Rays could shift Upton to right field
Maddon pondering idea to take stress off center fielder's leg
ST. PETERSBURG -- B.J. Upton took batting practice prior to Thursday's game, and while he stated his availability to pinch-hit, the Rays could explore another option to get the center fielder -- who has been sidelined since Sept. 8 with a left quadriceps strain -- back on the field.
Rays manager Joe Maddon said he spoke with Upton on Thursday about the possibility of inserting the outfielder into right field until his legs are back to full throttle.
"It's just according to how his leg feels," Maddon said. "If it takes any kind of stress off his leg."
While the Rays skipper said the "biggest concern" is getting Upton's bat back, the Rays could still benefit from the 24-year-old's strong defense and well-above-average arm.
"If he's able to come back and play on the corner, I would not be opposed to that," Maddon said. "But we do want to get him back in center field. Then I would not be opposed to putting Fernando [Perez] on the corner."
"In the end, I want to get [Upton] back in there, and that will have to [depend on] how much he feels he can run.
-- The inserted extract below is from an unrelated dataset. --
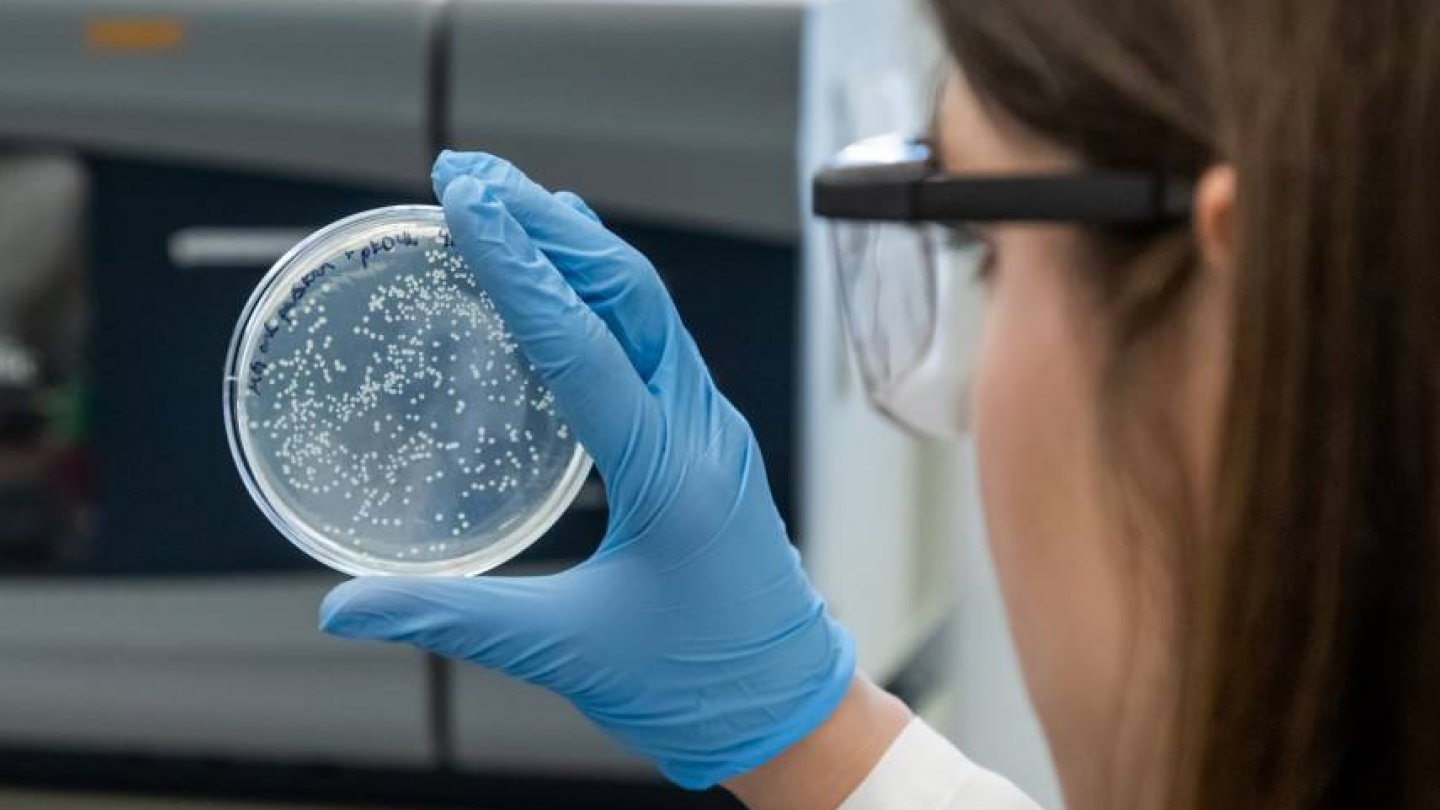 Aceste descoperiri recente ne arată cum ne vor afecta bacteriile în viitor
That would be the determining factor."
Upton, who reported "feeling better" on Thursday, wasn't opposed to the idea, but was skeptical since he has never played the corner outfield spots.
"I don't know [if it would help]," he said.
But if Upton is shooting to return on Saturday, as he hoped, that could be the best-case scenario for the Rays.
Since the injury occurred -- during the first inning of a Sept. 8 game at Fenway Park -- the Rays have slotted recent callup Perez in center field.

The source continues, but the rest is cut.